E as nobres linhas do perfil correto
De importunos ornatos destoucadas,
Em toda a luz de seu formoso aspecto
Fulgindo iluminadas
Por sob a curva dessa fronte bela,
Em que tanto esmerou-se a natureza;
E o braço nu, e a túnica singela
Com broche de ouro aos alvos ombros presa
 
Mas não o quer o mundo, onde hoje impera
A moda soberana; —
Esquivar-se para sempre, oh! quem pudera
À sua lei tirana!...
 
Balão, balão, balão! — fatal presente,
Com que brindou das belas a inconstância
A caprichosa moda impertinente,
Sepulcro da elegância,
Tirano do bom gosto, horror das graças!...

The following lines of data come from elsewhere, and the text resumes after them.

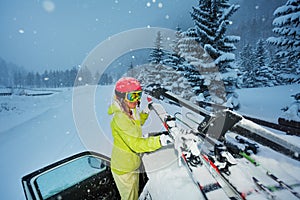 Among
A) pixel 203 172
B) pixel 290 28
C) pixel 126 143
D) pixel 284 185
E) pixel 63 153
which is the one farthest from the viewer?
pixel 290 28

Render-te os cultos meus não posso, não;
Roam-te sem cessar ratos e traças,
Balão, balão, balão.
 
Rio de Janeiro, 18 de julho de 1859
 
Bernardo Guimarães nasceu a 15 de agosto de 1825 em Ouro Preto. Ficou reconhecido na literatura brasileira por obras como A escrava Isaura e O seminarista. Também se dedicou à poesia de ordem variada, entre elas, a poesia burlesco-satírica e nonsense, o que o faz, segundo Haroldo de Campos, um precursor do surrealismo no Brasil. Parte da sua obra poética é formada por Cantos da solidão (1852), Inspirações da tarde (1858), Poesias diversas (1865), Poesias (do mesmo ano, reunindo os três primeiros livros e o poema “A Baía de Botafogo”); outra antologia que compila sua obra do gênero é Novas poesias (1876). Morreu a 10 de março de 1884.